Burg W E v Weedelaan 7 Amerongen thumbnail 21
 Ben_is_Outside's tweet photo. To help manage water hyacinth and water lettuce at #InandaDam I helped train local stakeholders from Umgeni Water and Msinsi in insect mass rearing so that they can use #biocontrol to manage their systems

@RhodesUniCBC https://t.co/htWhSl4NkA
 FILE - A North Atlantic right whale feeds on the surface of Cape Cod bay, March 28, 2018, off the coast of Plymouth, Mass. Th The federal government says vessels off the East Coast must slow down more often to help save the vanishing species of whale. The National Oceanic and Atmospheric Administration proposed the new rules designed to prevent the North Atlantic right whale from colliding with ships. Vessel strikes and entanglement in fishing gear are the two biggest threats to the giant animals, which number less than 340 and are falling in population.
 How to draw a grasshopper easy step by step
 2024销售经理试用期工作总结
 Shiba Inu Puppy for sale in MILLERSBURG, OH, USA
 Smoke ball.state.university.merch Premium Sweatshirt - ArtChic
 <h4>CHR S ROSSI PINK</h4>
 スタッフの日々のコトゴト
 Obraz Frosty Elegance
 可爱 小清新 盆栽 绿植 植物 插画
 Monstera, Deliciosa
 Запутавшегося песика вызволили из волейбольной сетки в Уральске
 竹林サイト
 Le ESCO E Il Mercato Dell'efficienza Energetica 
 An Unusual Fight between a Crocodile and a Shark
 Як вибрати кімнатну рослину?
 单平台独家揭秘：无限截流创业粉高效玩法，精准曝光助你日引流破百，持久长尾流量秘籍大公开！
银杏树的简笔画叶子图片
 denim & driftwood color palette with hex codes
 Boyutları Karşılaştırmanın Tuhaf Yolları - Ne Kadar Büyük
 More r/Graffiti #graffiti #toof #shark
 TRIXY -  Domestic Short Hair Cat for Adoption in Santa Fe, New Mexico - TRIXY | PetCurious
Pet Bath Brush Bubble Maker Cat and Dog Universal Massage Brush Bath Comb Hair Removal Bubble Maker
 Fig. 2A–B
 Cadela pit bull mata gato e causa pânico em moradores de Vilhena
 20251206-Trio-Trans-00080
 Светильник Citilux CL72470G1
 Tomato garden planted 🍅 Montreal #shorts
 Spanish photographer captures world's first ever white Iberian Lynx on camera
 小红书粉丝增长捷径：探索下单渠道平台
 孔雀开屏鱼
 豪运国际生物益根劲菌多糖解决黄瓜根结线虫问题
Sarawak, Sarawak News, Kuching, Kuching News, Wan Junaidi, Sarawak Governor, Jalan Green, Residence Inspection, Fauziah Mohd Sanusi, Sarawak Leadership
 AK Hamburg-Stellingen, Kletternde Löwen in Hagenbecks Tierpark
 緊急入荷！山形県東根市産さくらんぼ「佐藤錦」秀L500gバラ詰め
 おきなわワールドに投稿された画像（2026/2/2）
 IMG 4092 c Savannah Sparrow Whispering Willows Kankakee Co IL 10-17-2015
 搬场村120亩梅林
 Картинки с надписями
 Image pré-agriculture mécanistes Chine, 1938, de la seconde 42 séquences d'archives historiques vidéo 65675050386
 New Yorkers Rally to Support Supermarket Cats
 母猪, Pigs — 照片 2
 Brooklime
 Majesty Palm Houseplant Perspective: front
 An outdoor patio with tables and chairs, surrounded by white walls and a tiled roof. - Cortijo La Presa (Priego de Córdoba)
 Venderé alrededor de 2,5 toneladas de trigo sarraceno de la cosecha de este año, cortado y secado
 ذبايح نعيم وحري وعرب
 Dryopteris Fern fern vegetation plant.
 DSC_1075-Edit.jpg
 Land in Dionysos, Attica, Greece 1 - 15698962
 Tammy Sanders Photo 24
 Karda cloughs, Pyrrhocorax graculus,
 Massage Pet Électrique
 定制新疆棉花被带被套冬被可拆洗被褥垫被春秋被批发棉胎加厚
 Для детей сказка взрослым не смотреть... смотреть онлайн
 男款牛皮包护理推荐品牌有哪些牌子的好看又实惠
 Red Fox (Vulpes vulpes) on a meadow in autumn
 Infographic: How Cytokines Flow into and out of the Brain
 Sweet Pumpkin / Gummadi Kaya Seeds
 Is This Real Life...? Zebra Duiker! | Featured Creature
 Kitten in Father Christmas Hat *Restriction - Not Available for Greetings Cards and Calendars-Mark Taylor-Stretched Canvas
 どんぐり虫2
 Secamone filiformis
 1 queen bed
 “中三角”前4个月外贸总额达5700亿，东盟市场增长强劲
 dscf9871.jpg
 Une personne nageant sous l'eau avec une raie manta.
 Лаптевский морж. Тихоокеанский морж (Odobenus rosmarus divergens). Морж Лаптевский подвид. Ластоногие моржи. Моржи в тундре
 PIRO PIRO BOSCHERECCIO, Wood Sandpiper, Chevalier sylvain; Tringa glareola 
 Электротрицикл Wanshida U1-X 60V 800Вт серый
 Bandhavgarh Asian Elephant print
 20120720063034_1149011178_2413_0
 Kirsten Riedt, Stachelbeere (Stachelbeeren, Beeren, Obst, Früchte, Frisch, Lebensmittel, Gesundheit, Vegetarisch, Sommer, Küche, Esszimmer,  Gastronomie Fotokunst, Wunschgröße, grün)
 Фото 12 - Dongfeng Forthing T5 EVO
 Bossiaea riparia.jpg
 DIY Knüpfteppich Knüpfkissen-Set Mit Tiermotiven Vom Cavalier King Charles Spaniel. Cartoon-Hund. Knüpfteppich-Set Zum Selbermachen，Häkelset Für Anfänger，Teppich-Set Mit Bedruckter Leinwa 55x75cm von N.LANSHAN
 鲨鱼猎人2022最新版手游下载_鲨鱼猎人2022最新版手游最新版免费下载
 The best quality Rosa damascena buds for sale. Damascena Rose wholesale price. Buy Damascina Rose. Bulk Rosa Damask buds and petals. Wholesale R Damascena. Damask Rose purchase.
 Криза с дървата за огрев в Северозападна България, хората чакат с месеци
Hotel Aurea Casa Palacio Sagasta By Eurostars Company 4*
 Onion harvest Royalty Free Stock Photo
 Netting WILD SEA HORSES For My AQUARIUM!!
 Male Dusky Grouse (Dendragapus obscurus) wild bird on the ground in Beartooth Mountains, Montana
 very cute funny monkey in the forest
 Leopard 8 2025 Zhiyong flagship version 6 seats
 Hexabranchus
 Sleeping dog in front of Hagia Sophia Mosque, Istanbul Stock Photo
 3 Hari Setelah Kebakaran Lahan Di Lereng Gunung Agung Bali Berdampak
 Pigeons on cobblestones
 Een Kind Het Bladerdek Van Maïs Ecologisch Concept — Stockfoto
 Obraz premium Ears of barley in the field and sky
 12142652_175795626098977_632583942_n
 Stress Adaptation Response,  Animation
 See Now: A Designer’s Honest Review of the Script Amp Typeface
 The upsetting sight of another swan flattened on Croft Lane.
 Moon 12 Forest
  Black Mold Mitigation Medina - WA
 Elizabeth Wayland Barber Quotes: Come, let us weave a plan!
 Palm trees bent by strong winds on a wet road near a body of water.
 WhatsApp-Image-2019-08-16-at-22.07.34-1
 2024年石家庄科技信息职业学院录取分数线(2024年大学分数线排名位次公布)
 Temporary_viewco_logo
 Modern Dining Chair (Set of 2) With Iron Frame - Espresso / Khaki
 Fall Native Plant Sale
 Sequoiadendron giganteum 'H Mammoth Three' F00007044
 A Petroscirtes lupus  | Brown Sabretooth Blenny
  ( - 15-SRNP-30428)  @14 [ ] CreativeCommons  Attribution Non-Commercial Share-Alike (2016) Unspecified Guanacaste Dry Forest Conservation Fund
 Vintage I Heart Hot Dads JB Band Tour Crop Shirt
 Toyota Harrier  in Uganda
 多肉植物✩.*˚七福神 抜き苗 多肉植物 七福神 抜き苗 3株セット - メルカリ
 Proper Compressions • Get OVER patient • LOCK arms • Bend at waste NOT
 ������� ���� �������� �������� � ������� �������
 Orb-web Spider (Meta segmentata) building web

+===+

_Assignment_: Above are the records; copy exactly the lines from the line with "Red Fox (Vulpes" through the line with "鲨鱼猎人2022最新版手游下载_鲨鱼猎人2022最新版手游最新版免费下载", both included.

_Response to this exercise_:
 Red Fox (Vulpes vulpes) on a meadow in autumn
 Infographic: How Cytokines Flow into and out of the Brain
 Sweet Pumpkin / Gummadi Kaya Seeds
 Is This Real Life...? Zebra Duiker! | Featured Creature
 Kitten in Father Christmas Hat *Restriction - Not Available for Greetings Cards and Calendars-Mark Taylor-Stretched Canvas
 どんぐり虫2
 Secamone filiformis
 1 queen bed
 “中三角”前4个月外贸总额达5700亿，东盟市场增长强劲
 dscf9871.jpg
 Une personne nageant sous l'eau avec une raie manta.
 Лаптевский морж. Тихоокеанский морж (Odobenus rosmarus divergens). Морж Лаптевский подвид. Ластоногие моржи. Моржи в тундре
 PIRO PIRO BOSCHERECCIO, Wood Sandpiper, Chevalier sylvain; Tringa glareola 
 Электротрицикл Wanshida U1-X 60V 800Вт серый
 Bandhavgarh Asian Elephant print
 20120720063034_1149011178_2413_0
 Kirsten Riedt, Stachelbeere (Stachelbeeren, Beeren, Obst, Früchte, Frisch, Lebensmittel, Gesundheit, Vegetarisch, Sommer, Küche, Esszimmer,  Gastronomie Fotokunst, Wunschgröße, grün)
 Фото 12 - Dongfeng Forthing T5 EVO
 Bossiaea riparia.jpg
 DIY Knüpfteppich Knüpfkissen-Set Mit Tiermotiven Vom Cavalier King Charles Spaniel. Cartoon-Hund. Knüpfteppich-Set Zum Selbermachen，Häkelset Für Anfänger，Teppich-Set Mit Bedruckter Leinwa 55x75cm von N.LANSHAN
 鲨鱼猎人2022最新版手游下载_鲨鱼猎人2022最新版手游最新版免费下载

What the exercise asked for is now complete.